En el cine de Carla Simón, a menudo es más importante lo que no se dice que lo que se dice, lo que se narra de forma velada, las expresiones, los gestos, las miradas, los silencios, los matices. En la mirada abstraída del abuelo de Alcarràs está contenida toda su verdad, toda esa verdad de la película, ese miedo a perder lo que uno ama. Los personajes hablan poco, o hablan como lo haríamos en la vida real, a veces poco y otras mucho, a veces de nada y otras de todo y nada. También hablan como lo harían en su contexto, en el entorno que se narra. Simón no cae en la simplicidad de lo políticamente correcto, refleja las cosas tal y como son, y si lo que se dice y sucede en la realidad y en ese mundo de la película es racista, clasista o machista eso también está en ella, aunque no quede bonito, porque así es la vida, y su cine un reflejo de ella.
Alcarràs es una película valiente. Está llena de decisiones arriesgadas, de ahí procede su sinceridad. Hay que tener mucho valor para hacer una película como la que ha hecho Carla Simón; difícil, donde la acción no lo es todo, sobre un mundo a punto de desaparecer, una historia familiar, con un argumento sobre el cultivo de melocotones en un pueblo perdido de la Cataluña rural, con actores no profesionales, completamente desconocidos, con niños (un rodaje es mucho más complicado e imprevisible con ellos), rodada íntegramente en catalán, y, además, con una pandemia de por medio. Es cierto que si la ha hecho es porque también ha tenido esa posibilidad (es decir, que ha contado con los apoyos suficientes, el dinero), pero eso no le quita mérito.
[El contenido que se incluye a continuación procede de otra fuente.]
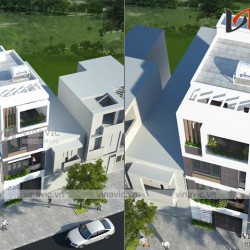Mẫu thiết kế nhà ống hiện đại 4 tầng NO1620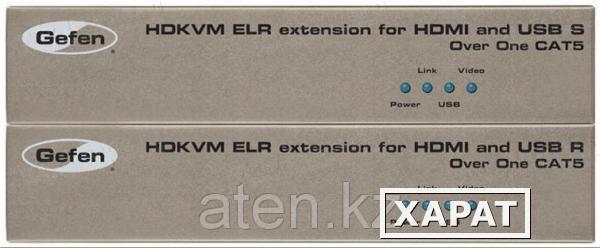 Фото EXT-HDKVM-ELR Удлинитель HDMI и USB по одному кабелю витая пара на длины до 100 м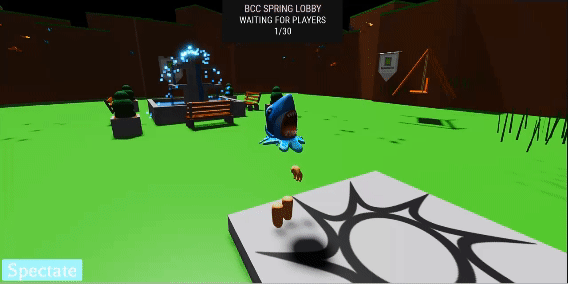 A Spring-themed battle royale party game with round-based mini-games.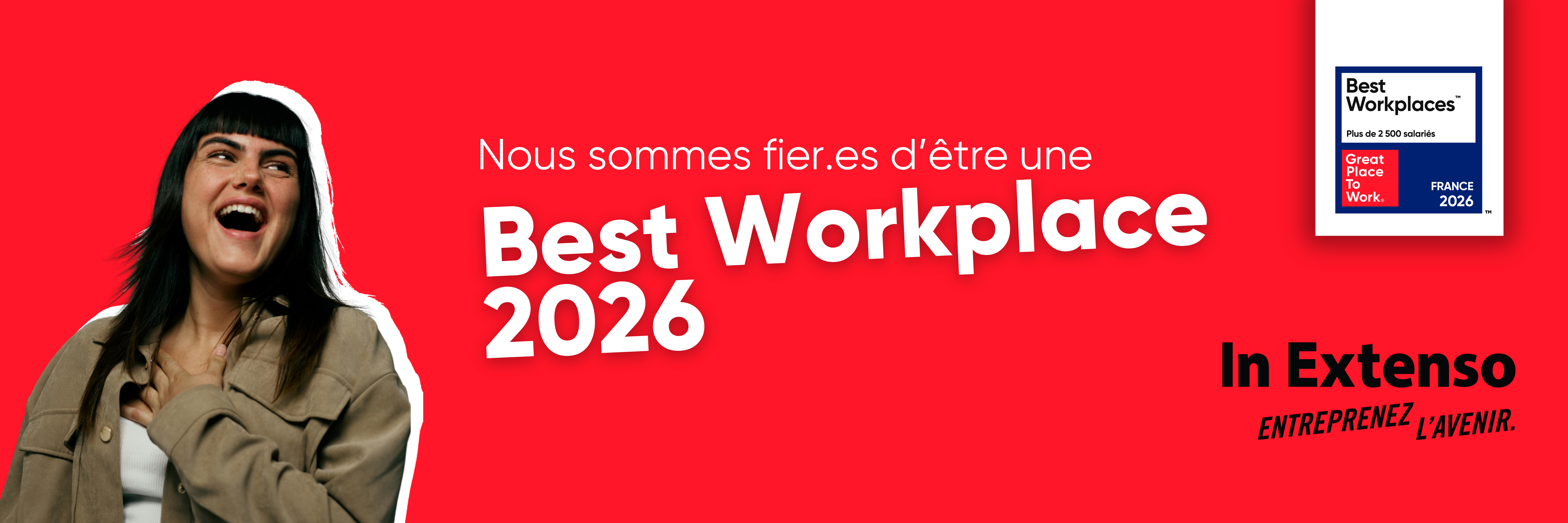 In Extenso dans le TOP 10 du palmarès Best Workplaces 2026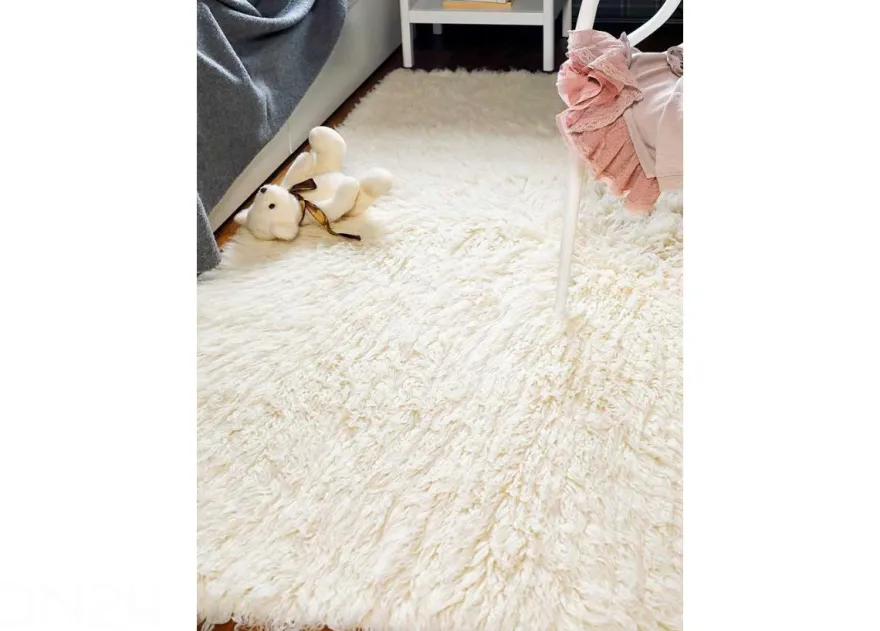 Narma villamatto Flokati white 60x120 cm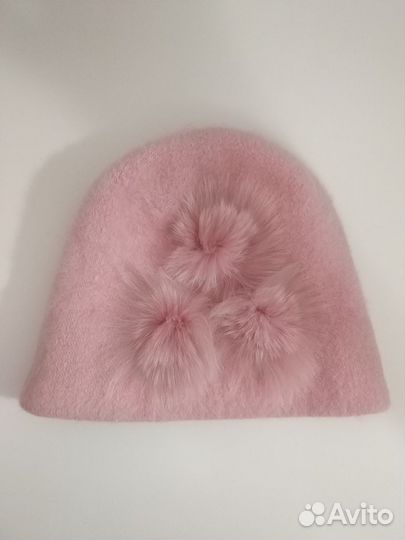 Шапка на девочку 5-8 лет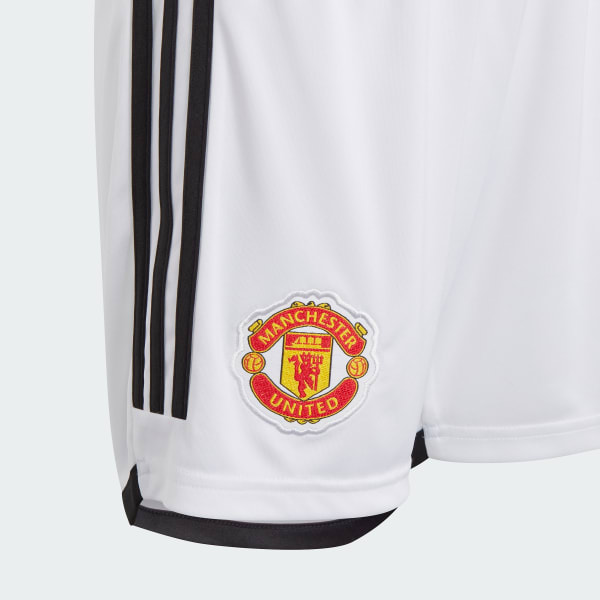 adidas Manchester United 23/24 Home Shorts Kids - White | adidas UK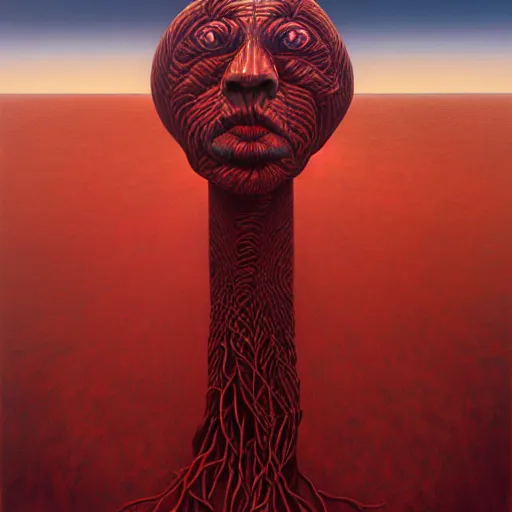 Image similar to grant us eyes, by jeffrey smith, zdzisław beksinski, oil on canvas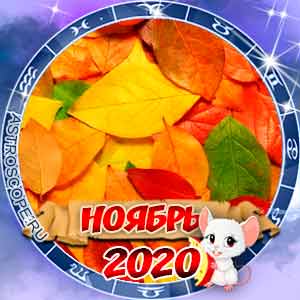 Гороскоп на ноябрь 2020 для всех знаков Зодиака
Hay que tener empeño para sacar adelante una producción así, tan singular y arrojada, manteniendo todas esas decisiones, al menos en este país, donde hacer este tipo de cine es jugársela, casi siempre tan precario. Para convencer de que se puede contar lo universal a través de lo local, de algo tan íntimo y cercano. Quizá todo parta de esa decisión y esa confianza en las historias que se quieren contar.
Decía Jonás Trueba que el cine es un perfecto ejercicio de melancolía, retener imágenes que borra el tiempo para poder regresar a ellas. A través de la reconstrucción subjetiva de fragmentos de vida, de la transformación de la propia realidad y los recuerdos, de la verdad de una, Carla Simón crea un lúcido espacio de la memoria sentimental, ese refugio contra el paso del tiempo y el olvido que a veces es el cine. Ante todo, Alcarràs es una película bellísima. Una película brillante, transparente, narrada con sencillez y delicadeza, con ligereza y a la vez profundidad, tan hermosa como triste. Una película que emociona, que, al final, también es de lo que de verdad va el cine.